Par ailleurs, certains rapports avancent que l’administration d’Obama a insisté, dès le début, sur le fait ne pas émettre des critiques ouvertes à l’encontre du gouvernement de Moubarak pour son manquement dans les domaines de la démocratie et des droits de l’homme. En réalité, le régime de Moubarak était incapable de refléter l’identité du peuple, car en vérité, il s’agit d’un régime qui a perdu son identité. C’était un régime de nature personnelle, dépourvue de toute organisation structurelle, qui n’a su évoluer dans aucune direction qu’elle soit démocratique ou même totalitaire comme l’évoque Maysa Jamal dans son livre « L’élite politique en Egypte « (p 220).

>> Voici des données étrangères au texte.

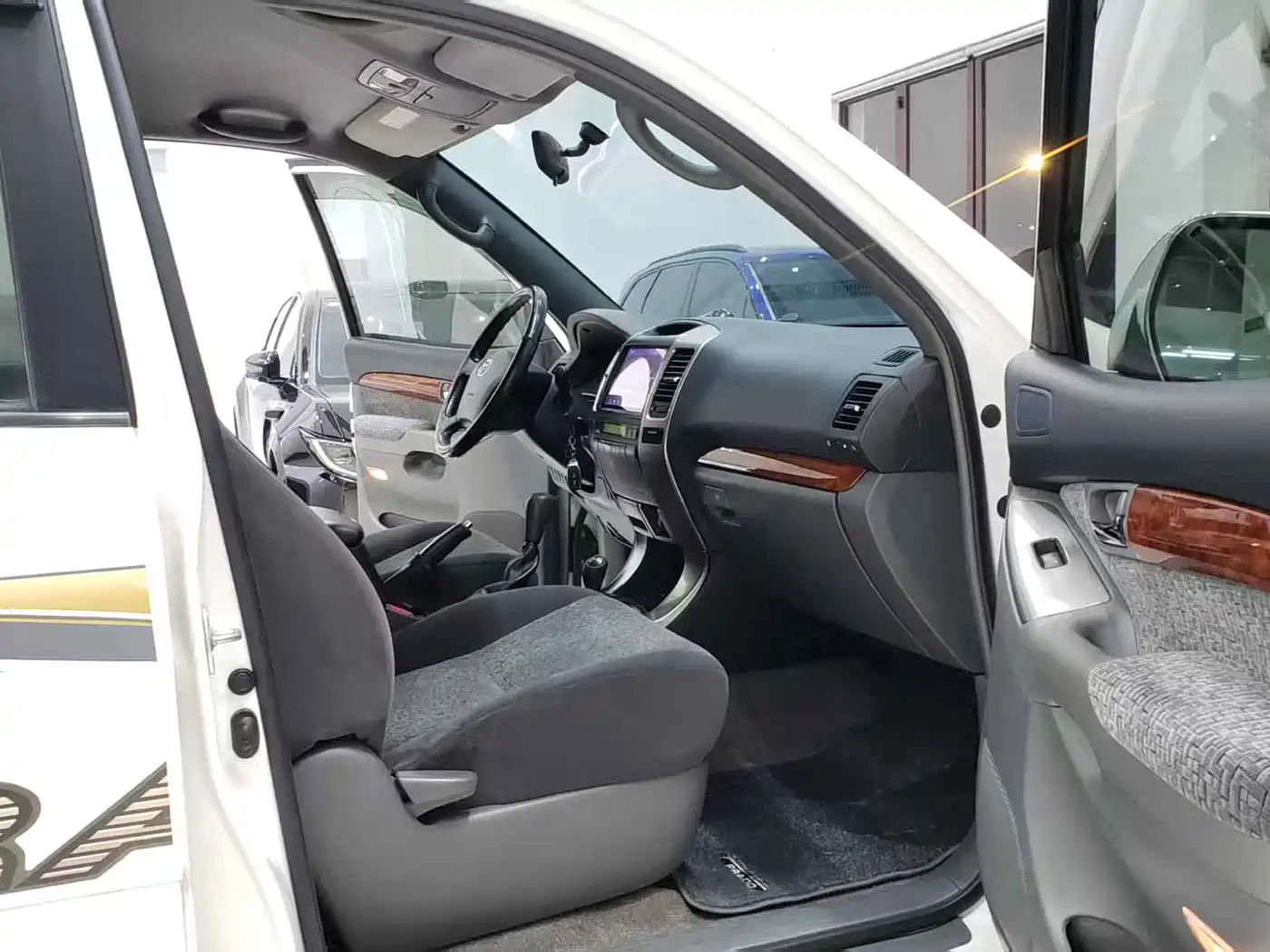 Toyota Prado (Import) 2004 GX 2.7 Automatic фото 4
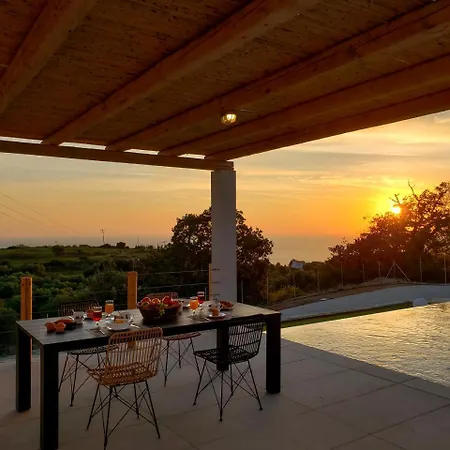 Exclusive Sea View Madelaine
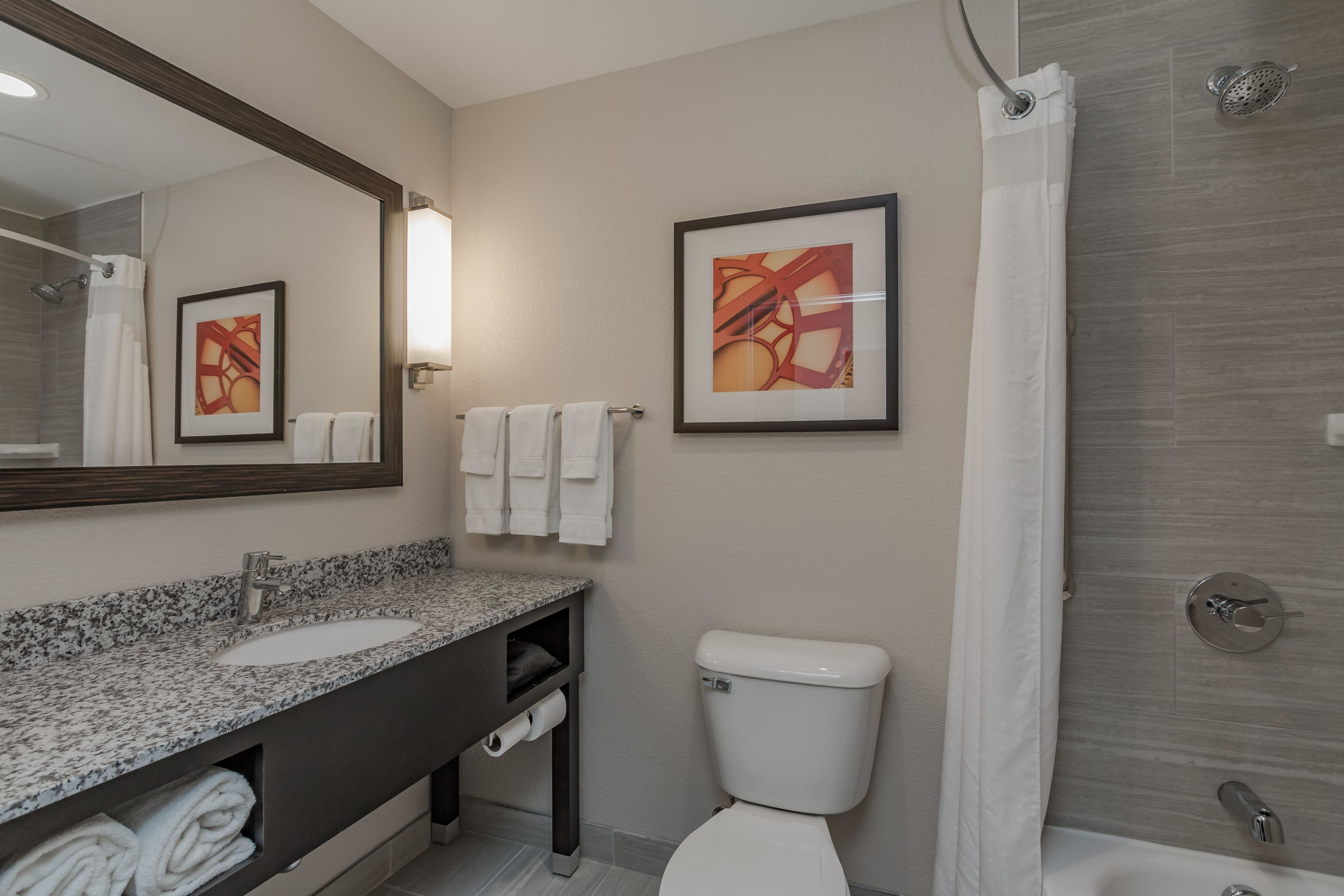 combined shower/bathtub, hair dryer, towels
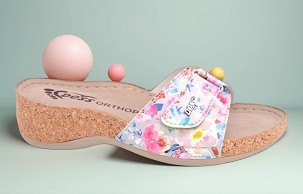 D-1211 bež cvetna papuča 42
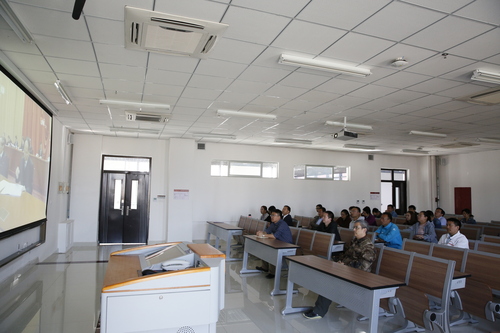 20190430校区师生共同观看纪念五四运动100周年大会-张宝 (20)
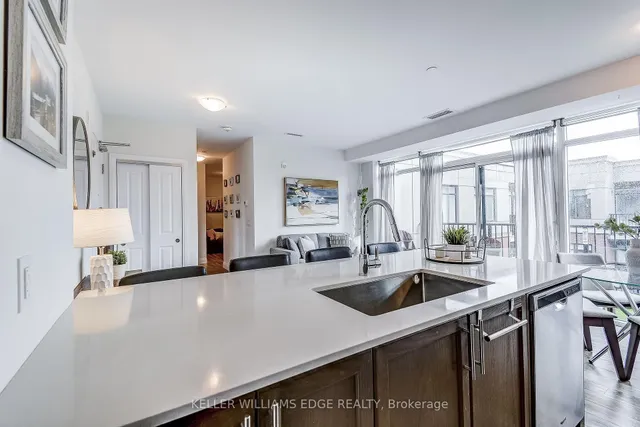 Additional property image - 1 Redfern Ave Unit 424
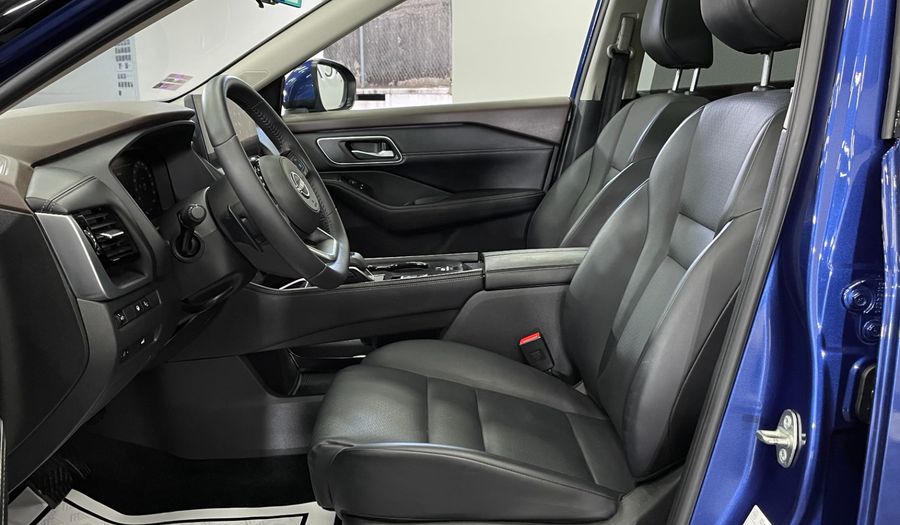 Nissan X-trail 2.5 PLATINUM PLUS 2 ROW CVT Suv 2025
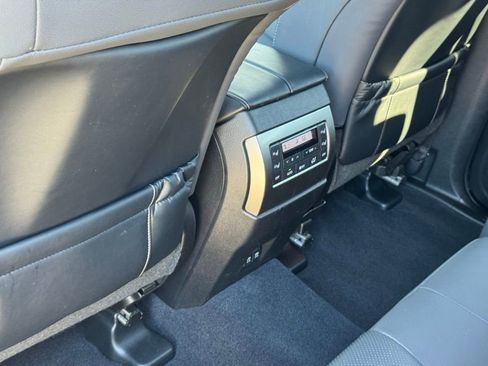 Certified 2023 Lexus GX 460 Premium image 29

Libération d’une autorité et anti-autorité :



La caractéristique principale du changement qui se fait au niveau du peuple est qu’il s’agit d’un changement qui ne connaît pas de trêve. Il s‘exprime simplement et directement : un régime corrompu, qu’il parte ! C’est ainsi que le mouvement populaire remet les choses à leurs places (à l’origine), et pratique la restructuration en considérant la nouvelle situation dont il est le seul maître loin des théorisations superflues des élites du pouvoir et de l’opposition.



Et en principe, les élites ne sont considérées ainsi que si elles sont une source qui alimente et approvisionne le peuple dans un domaine dont il a besoin, et non pas lorsque celles-ci se nourrissent de lui et le transforment en un champ où elles font ce qu’elles veulent. Par conséquent, étant qu’il s’agit d’un changement majeur, la révolution populaire sera à même de reproduire l’élite selon un cadre ferme renfermant des objectifs et réalistes fortement liés, en premier lieu, à l’intérêt des gens. Ainsi, la libération des gens et leur émancipation des contraintes autoritaires et idéologiques est l’avantage majeur de la révolution populaire arabe. C’est la voie la plus sûre pour la restauration de leur identité et pour l’expression directe de leur volonté et de leur nature. Les masses populaires se centralisent autour de critères objectifs généraux qui font l’unanimité des gens et font fondre toutes les différences idéologiques, tels que la liberté, la dignité, la démocratie, la justice sociale. Politiquement, le voie de l’intérêt personnel emprunté par l’élite au pouvoir avec les forces étrangères, ou ce qu’attend l’Occident d’un régime arabe, a perdu son importance et sa centralité, tant que l’autorité est celle de la rue, et que l’opinion est celle du peuple. Toutes les fenêtres des évènements qui se sont ouverts aux arabes durant le siècle précédent, de la chute du califat, à la décolonisation, à la chute de l’URSS, à l’alliance politique avec les Etats Unis, ne pouvaient prédisposer un changement démocratique dans la région. Au contraire, ce fut des fenêtres exploitées par une élite tyrannique et des idéologiques hermétiques.



Mais aujourd’hui, se manifestent les signes de la percée du corps totalitaire dans les pays arabes, après que les forces de la tyrannie aient épuisé toutes ses énergies et toutes ses ruses, et après l’émergence d’un mode « sociétaire » nouveau conscient des effets de la tyrannie sur son pays.



Il nous appartient aujourd’hui de reconnaître que l’expression de l’opinion des gens et l’adoption de cette expression avec force est un acquis. Aujourd’hui, l’ensembles des rabes ne sont plus uniquement des « majorités silencieuses » d’après la description de Jean Baudrillard selon lequel elles seraient dotées d’une énergie négative qui ne font qu’absorber ce que les élites injectent sans réagir d’égal à égal, ni cette « section muette » d’après la description de Aboul-Alaa al-Ma’arri selon lequel elles seraient l’otage de l’esprit des autres.